If 2022 was a bad year for the valuation of large technology multinationals, in 2023 they seem to be back with strength.
What does the data say? That at least some of the big technology companies have managed to trace a growth curve so far in 2023, with oscillations, ups and downs and different itineraries depending on the case, but in general showing a recovery trend after the 2022 “scoop”.
This is reflected by Axios, which shows how so far this year, between December 31st and March 29th, Meta has experienced a 71% increase, Tesla 57%, Apple 24%, Microsoft 17% and Alphabet 15 %. The Standard and Poor’s 500 (S&P 500), a stock index that tracks the shares of the 500 largest companies listed on the US stock exchange, grew 5% in the same period.
What about percentages? Trading numbers from the Investing platform help complete the picture. An example: On December 30, 2022, it identified a value of $120.34 per share, well down from Thursday’s $216.10. Another interesting case is that of Tesla. Musk’s multinational said goodbye to last year at US$ 123.18 and scored US$ 185.06 in the middle of this week. In the case of Apple, it went from 129.93 to 164.66.
Where we came from? From a bad 2022, a year in which large technology companies were penalized by a complex context, marked by rising interest rates. In the economic newspaper Five days It calculated that Amazon dropped 48.5%, Netflix 51.7%, and Meta saw a sharp drop of 65.4%. In the case of Apple, the fall was 25.2% and in the case of Alphabet, Google’s controller, 38.3%. The devaluation, in line with that of the Nasdaq Composite, led some analysts to even speak of a change of cycle.
The reasons? A “cocktail” of factors that includes changes in consumer habits that have affected Netflix and Meta or the impact of the size that giants like Amazon, Alphabet or Apple have reached.

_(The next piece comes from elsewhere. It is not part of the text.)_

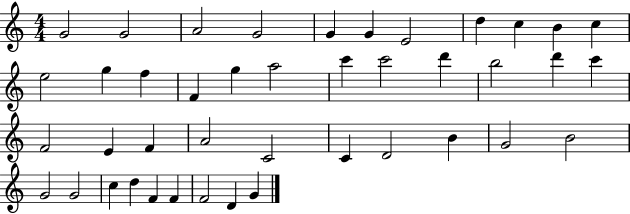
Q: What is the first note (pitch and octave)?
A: G4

Morningstar completes the picture with other equally relevant factors, such as fears of recession, macroeconomic pressures, the behavior of advertising investment or, in the case of Nvidia, which suffered a significant setback, a return to the office faster than expected or US restrictions on chip sales to China.
And the reason for the change? At Axios, they slide some keys to understand the scenario in which technology companies moved during the first quarter of 2022. And one of the main ones is the behavior of their Human Resources offices. In recent months, Meta, Google, Microsoft, Amazon or, more recently, Apple, among other big tech companies, have applied significant workforce cuts. On Wall Street, they may be rewarding these adjustments.
It is not the only explanation on the table to explain the trend of recent months. Others point to the wave of enthusiasm generated by AI, a correction in the course of the market or even that some companies are allocating part of their cash reserves to buy back shares.